Authorities have deployed large numbers of security forces to prevent any repeat of the massive unrest that followed hard-line President Mahmoud Ahmadinejad’s 2009 re-election, and on Wednesday state media made no mention of Tuesday’s rallies.
Opposition websites said thousands of people demonstrated in Tehran and other cities to demand the release of “Green movement” leaders Mirhossein Mousavi and Mehdi Karoubi who they believe were taken from their homes last week and jailed.
Prosecutor-General Gholamhossein Mohseni-Ejei denied the arrests, saying both men were still in their homes but were being prevented from communicating with the outside world.
According to opposition website Sahamnews, at least 79 people were arrested on Tuesday. Sites said some 1,500 were arrested on Feb. 14 during the Green movement’s first rally in more than a year, which was called to show support for pro-democracy uprisings in North Africa.
The police said “dozens” of people were arrested on Feb. 14, and a parliamentary committee set up to investigate the events said only small groups of trouble-makers turned up.
Talking of events on Tuesday, Tehran prosecutor Abbas Jafari Dolatabadi told reporters: “A limited number of people, influenced by anti-revolutionary groups, were intending to do something.”
“No specific incident happened on Tuesday in Tehran,” he said, according to the semi-official Fars news agency. Dolatabadi declined to give the number of arrests.
Despite the official line that there has been no significant resurgence of the Green movement, which the government considers to be a seditious plot guided by its Western foes, parliament has called for Mousavi and Karoubi to be tried and hanged.
Two people were shot dead on Feb. 14, deaths that each side has blamed on the other.
The parliamentary report, issued on Wednesday, accused Mousavi and Karoubi of staging the Feb. 14 rally at the encouragement of US , British and Israeli intelligence.
“Foreign intelligence services had contacts with the sedition leaders urging them to call for a rally in support of popular uprising in Egypt and Tunisia ... as a pretext to create tension in the country,” said the report, according to the official IRNA news agency.
Opposition leaders deny such accusations.

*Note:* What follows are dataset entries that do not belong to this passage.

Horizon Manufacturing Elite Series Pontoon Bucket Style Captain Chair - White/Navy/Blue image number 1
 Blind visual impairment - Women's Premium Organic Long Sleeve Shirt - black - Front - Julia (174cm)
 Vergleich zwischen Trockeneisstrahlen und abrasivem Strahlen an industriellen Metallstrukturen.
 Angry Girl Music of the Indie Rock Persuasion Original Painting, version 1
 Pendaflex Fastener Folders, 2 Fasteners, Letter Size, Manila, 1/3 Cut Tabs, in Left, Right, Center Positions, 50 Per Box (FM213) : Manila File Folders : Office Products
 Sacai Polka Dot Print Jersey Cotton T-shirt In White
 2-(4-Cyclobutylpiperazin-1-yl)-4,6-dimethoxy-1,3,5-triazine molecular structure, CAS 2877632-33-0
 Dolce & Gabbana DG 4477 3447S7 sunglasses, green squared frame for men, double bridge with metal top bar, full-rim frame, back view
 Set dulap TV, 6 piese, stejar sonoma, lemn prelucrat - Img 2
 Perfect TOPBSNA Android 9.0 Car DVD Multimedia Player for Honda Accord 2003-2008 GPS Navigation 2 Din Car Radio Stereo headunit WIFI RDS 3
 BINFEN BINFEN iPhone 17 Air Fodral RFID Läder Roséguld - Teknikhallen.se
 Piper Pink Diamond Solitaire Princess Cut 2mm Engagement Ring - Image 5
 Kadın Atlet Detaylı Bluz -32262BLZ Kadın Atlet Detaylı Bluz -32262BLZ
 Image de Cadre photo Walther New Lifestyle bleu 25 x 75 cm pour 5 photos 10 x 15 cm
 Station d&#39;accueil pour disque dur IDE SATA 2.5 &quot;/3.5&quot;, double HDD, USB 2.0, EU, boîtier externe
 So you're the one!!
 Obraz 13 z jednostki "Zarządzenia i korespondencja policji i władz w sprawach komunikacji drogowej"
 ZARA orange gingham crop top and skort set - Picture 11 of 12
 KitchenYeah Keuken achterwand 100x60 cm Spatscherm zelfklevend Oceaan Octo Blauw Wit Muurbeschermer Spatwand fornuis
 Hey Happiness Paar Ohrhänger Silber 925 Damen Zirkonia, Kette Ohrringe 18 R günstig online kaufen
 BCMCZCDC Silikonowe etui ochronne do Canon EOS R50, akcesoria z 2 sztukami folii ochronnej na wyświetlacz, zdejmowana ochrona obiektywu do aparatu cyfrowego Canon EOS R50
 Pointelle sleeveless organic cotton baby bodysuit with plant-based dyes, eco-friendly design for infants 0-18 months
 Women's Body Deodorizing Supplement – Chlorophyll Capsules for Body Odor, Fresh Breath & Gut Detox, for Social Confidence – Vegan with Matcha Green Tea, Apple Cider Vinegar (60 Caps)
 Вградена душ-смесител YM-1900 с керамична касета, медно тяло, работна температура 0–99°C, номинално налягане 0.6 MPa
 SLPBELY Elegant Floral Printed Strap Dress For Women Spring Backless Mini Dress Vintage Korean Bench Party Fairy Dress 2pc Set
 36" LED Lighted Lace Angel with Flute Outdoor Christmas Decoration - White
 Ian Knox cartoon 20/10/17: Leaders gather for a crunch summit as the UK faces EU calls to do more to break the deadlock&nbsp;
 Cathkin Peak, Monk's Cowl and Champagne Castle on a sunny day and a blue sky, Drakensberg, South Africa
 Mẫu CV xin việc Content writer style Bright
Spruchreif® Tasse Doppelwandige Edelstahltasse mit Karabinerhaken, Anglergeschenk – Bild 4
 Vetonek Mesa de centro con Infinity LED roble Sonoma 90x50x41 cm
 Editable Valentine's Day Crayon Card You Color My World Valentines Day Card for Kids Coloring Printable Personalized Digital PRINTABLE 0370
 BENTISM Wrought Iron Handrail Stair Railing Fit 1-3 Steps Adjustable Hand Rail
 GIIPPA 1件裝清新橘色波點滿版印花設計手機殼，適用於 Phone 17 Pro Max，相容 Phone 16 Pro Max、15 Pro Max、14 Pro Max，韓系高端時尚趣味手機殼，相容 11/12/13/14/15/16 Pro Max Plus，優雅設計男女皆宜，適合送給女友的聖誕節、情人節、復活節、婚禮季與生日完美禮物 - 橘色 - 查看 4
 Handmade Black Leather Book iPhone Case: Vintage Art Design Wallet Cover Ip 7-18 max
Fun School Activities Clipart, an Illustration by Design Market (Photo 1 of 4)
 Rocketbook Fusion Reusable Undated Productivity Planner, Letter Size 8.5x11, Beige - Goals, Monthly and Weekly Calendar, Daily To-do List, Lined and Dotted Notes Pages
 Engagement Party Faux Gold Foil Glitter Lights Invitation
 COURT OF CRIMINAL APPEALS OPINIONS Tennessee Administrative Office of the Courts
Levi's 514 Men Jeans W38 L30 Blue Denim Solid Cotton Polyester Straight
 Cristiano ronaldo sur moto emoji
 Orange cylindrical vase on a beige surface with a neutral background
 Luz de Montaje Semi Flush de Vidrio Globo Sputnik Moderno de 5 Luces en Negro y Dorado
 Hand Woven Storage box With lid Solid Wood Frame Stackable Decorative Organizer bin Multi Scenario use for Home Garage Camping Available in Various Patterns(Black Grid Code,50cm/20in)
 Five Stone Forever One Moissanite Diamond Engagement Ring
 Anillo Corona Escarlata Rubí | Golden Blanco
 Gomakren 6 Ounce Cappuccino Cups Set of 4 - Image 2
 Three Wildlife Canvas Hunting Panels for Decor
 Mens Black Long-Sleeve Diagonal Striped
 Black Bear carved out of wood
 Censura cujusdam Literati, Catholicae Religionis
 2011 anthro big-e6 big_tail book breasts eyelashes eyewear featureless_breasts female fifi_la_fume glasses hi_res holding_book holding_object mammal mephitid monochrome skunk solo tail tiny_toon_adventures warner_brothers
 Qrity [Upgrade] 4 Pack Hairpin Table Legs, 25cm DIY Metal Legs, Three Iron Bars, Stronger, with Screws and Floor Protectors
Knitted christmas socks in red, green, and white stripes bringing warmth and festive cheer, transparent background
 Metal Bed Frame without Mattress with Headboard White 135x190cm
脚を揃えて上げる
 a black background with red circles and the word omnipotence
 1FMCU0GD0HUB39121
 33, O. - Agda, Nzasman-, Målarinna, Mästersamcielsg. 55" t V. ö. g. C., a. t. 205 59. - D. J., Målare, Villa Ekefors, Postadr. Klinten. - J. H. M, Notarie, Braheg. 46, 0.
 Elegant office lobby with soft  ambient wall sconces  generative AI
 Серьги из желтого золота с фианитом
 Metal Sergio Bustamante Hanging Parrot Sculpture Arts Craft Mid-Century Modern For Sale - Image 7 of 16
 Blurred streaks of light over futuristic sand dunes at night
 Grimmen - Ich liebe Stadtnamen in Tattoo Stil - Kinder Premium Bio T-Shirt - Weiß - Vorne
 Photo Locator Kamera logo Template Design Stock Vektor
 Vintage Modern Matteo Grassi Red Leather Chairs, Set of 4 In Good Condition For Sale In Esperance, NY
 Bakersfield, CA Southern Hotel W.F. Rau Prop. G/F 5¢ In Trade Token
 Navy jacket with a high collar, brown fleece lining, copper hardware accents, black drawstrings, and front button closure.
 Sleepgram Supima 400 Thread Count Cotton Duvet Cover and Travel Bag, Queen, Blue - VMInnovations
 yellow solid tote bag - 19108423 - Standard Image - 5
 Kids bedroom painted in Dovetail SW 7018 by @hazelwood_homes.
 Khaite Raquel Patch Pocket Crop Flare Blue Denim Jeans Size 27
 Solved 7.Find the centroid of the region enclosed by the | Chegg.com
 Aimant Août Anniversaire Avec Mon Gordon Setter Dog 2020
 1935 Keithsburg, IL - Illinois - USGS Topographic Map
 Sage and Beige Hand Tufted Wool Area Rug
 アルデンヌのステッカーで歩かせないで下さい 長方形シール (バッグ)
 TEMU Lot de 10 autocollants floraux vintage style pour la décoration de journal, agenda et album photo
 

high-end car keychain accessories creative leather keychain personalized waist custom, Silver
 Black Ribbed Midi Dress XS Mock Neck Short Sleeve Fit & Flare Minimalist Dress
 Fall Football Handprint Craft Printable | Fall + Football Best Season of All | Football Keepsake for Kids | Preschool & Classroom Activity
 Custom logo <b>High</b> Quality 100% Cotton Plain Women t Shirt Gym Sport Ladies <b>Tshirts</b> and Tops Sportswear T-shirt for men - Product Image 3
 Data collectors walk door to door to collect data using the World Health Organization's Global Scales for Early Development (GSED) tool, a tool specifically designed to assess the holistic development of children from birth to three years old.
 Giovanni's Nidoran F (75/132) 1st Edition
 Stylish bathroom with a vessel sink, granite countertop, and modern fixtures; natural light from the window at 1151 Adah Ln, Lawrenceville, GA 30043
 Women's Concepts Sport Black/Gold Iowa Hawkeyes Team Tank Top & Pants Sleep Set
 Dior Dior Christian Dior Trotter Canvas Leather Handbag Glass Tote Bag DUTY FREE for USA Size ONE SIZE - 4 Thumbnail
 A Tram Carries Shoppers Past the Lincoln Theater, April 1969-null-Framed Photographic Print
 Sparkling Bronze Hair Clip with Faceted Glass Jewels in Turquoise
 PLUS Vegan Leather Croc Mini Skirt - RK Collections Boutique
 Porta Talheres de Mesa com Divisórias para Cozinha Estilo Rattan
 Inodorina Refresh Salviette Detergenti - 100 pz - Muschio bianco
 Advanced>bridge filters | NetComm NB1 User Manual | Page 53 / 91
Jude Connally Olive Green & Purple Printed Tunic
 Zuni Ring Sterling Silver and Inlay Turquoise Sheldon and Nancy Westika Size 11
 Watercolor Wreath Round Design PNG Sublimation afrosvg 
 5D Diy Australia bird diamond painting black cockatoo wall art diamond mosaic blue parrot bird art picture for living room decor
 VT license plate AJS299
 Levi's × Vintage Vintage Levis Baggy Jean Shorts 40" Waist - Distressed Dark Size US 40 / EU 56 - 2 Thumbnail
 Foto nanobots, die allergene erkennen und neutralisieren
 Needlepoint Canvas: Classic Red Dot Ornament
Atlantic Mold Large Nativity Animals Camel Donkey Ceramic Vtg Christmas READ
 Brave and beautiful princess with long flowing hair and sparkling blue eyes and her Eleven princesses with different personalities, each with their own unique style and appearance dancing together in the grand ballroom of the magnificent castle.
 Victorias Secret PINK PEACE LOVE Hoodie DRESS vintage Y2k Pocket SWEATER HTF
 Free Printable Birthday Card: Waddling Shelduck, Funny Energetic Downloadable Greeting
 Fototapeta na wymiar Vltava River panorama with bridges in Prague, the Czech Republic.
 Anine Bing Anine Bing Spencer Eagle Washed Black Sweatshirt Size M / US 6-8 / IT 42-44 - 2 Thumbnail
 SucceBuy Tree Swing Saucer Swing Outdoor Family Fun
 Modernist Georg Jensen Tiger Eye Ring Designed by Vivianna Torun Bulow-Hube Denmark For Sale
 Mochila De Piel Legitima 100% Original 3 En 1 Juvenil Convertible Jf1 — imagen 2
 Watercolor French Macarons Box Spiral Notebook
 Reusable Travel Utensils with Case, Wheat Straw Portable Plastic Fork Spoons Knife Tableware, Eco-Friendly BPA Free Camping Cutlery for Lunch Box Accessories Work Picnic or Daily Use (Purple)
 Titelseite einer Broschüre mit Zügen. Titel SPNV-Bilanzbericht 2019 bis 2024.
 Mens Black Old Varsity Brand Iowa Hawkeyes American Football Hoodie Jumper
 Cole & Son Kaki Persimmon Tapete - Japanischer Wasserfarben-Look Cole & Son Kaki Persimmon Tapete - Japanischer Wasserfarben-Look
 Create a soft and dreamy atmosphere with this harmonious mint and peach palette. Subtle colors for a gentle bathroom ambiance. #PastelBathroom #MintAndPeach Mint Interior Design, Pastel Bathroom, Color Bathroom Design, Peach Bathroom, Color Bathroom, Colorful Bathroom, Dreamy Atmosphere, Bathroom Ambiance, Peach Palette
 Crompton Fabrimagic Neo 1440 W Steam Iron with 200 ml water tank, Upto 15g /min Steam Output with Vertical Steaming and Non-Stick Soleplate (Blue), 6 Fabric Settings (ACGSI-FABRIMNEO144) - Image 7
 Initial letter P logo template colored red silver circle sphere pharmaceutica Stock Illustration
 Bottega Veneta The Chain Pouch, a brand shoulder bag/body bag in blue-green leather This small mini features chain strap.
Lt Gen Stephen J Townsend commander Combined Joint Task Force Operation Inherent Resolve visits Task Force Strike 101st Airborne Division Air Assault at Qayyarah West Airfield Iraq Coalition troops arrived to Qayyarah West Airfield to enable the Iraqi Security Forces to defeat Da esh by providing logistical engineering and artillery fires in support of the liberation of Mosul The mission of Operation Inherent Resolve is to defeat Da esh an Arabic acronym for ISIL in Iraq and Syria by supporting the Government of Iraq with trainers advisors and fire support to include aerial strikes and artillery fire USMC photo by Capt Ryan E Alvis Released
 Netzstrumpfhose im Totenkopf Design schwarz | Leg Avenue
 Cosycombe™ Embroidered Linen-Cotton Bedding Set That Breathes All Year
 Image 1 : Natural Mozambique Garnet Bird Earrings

Iranian government leaders have hailed uprisings in several Arab states as part of an “Islamic awakening” inspired by the 1979 revolution which ousted the Western-backed Shah.
Analysts outside Iran say the uprisings have been overwhelmingly secular, not religious, in nature.
The Iranian opposition took those pro-democracy protests as inspiration to stage its own first significant show of vitality since December 2009 street protests, which were crushed by the elite Revolutionary Guards.
Mousavi and Karoubi — reformists who lost to Ahmadinejad in the June 2009 election — were held in their homes, incommunicado, after they called for the rally. Authorities warned such “illegal” gatherings would not be tolerated.
Opposition website Kaleme said it believed Mousavi and Karoubi and their wives were secretly whisked from their homes last Thursday and taken to Heshmatiyeh prison in Tehran.
The authorities’ reluctance to confirm their whereabouts shows the sensitivity of taking aggressive action against men who remain rallying points for opposition to Ahmadinejad.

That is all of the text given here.